It’s July, and you haven’t had time to plant your garden yet? Scott Swartzendruber of Fort Collins Nursery hasn’t planted yet either. He’s been too busy at his job.
“It happens every year,” he said. “I always plant late.”
While he doesn’t advocate late planting, Swartzendruber says it’s quite doable. Gardeners can plant anything that they might have intended to plant in the spring, but will need to make adjustments to accommodate hotter, drier weather. Young plants need to be kept moist and watering is best done early in the day. Seeds have a harder time germinating in hot weather and need additional water, especially before they appear above ground. He waters every other day and tries to finish by 8 a.m.
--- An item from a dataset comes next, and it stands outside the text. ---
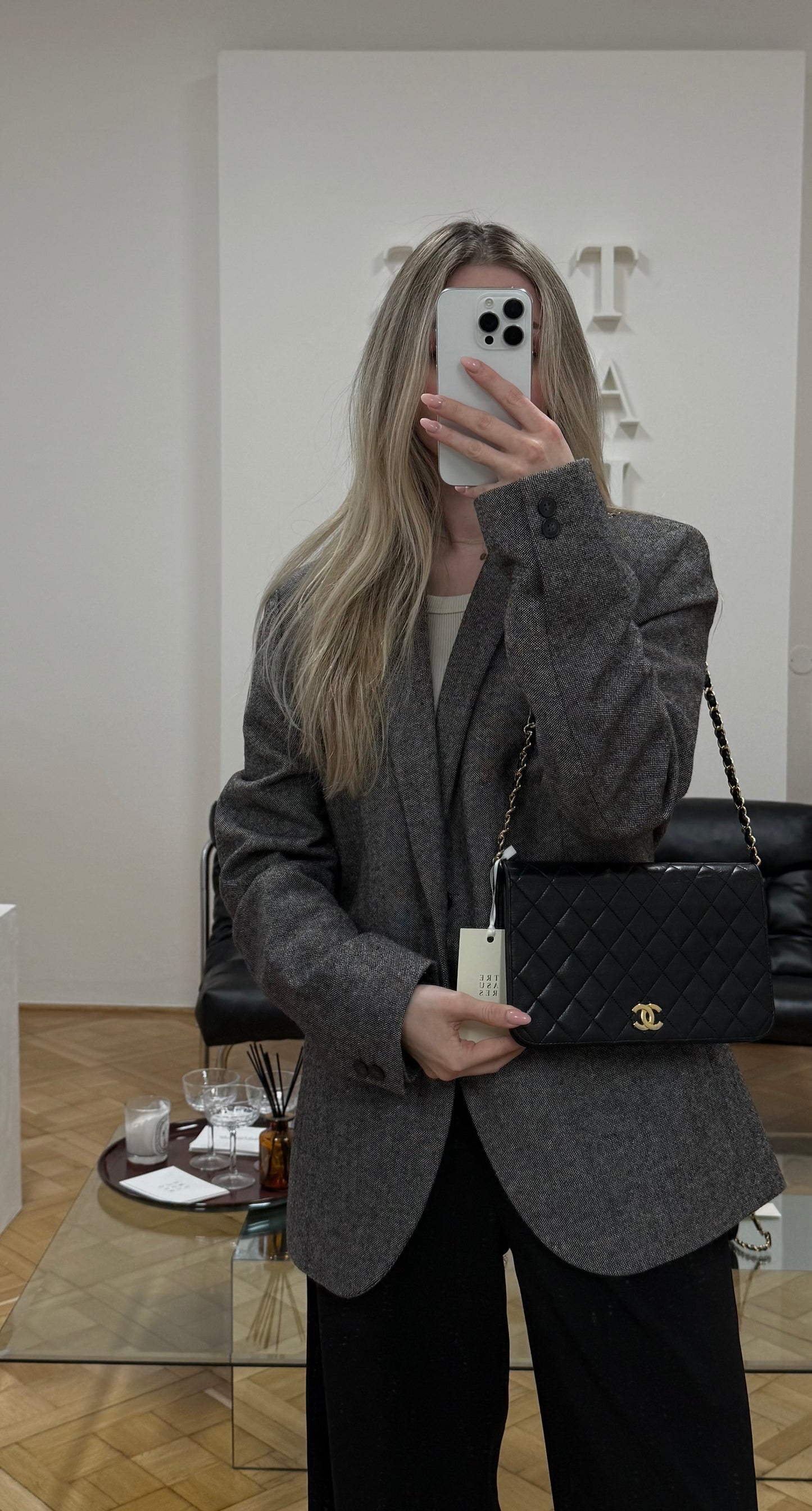 CHANEL FULL FLAP LAMBSKIN BLACK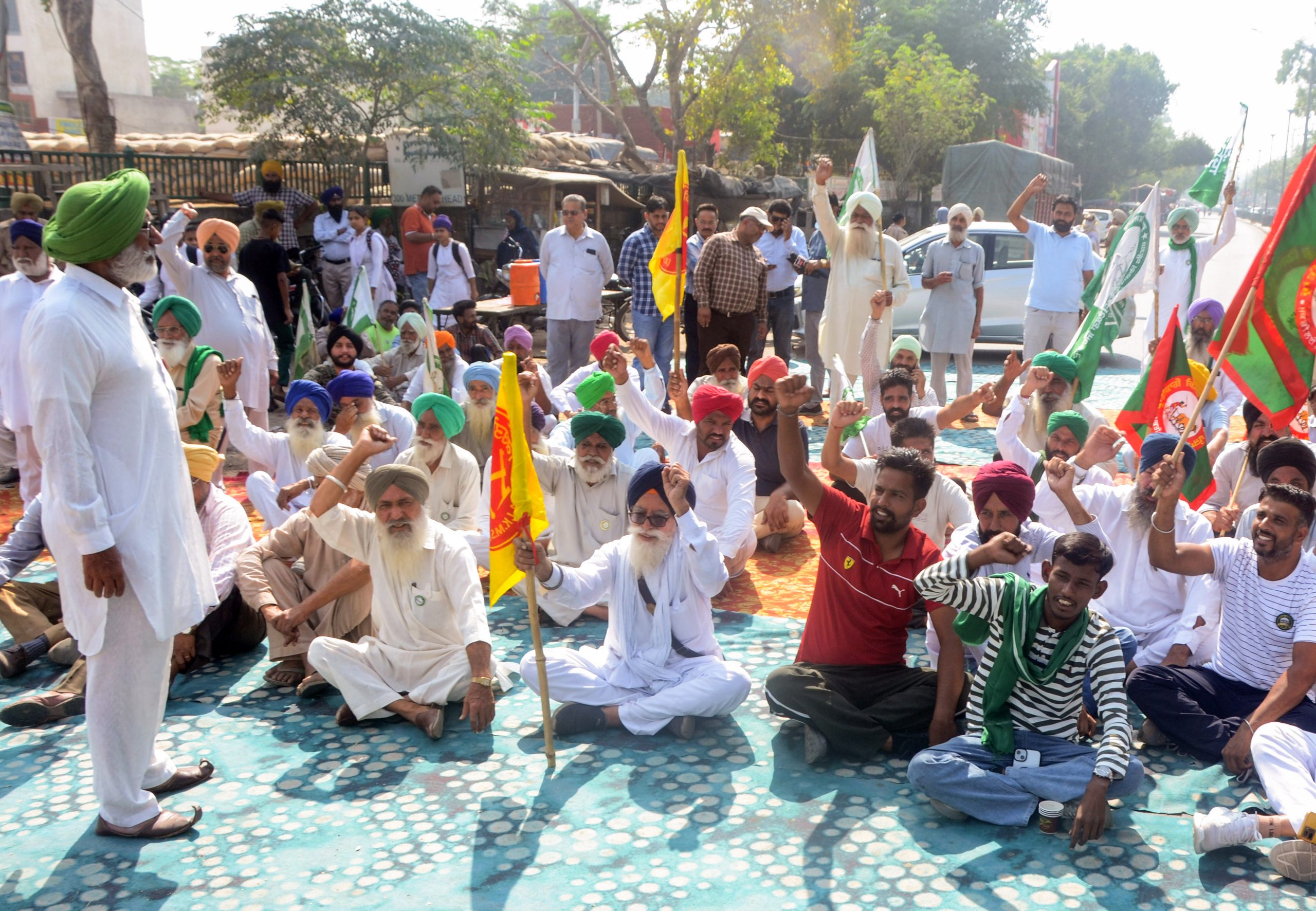 Punjab: Farmers continue protest for second day, demand paddy procurement among others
He warns that late planting may result in slightly different outcomes. Vegetables will have a shorter time to mature which may result in a less prolific crop.
Tom Haynie of Creekside Garden Center says that 50 years ago when most deciduous plants were sold bare root, it was true that they could only be planted in the spring while they remained dormant. But times have changed. The trees, bushes and plants at Creekside are now sold alive and growing, either in containers or balled and burlapped, and can be planted any time the ground can be worked. He warns about the importance of supplying new plants with plenty of water during hot weather.
“July is too late to plant most seeds,” he said. He reminds gardeners that cool weather crops such as spinach can be planted in August or early September and will produce a fall crop. Swiss chard, arugula, bok choy, mustard greens and lettuce can also be planted late and mature quickly enough to realize a crop in the fall.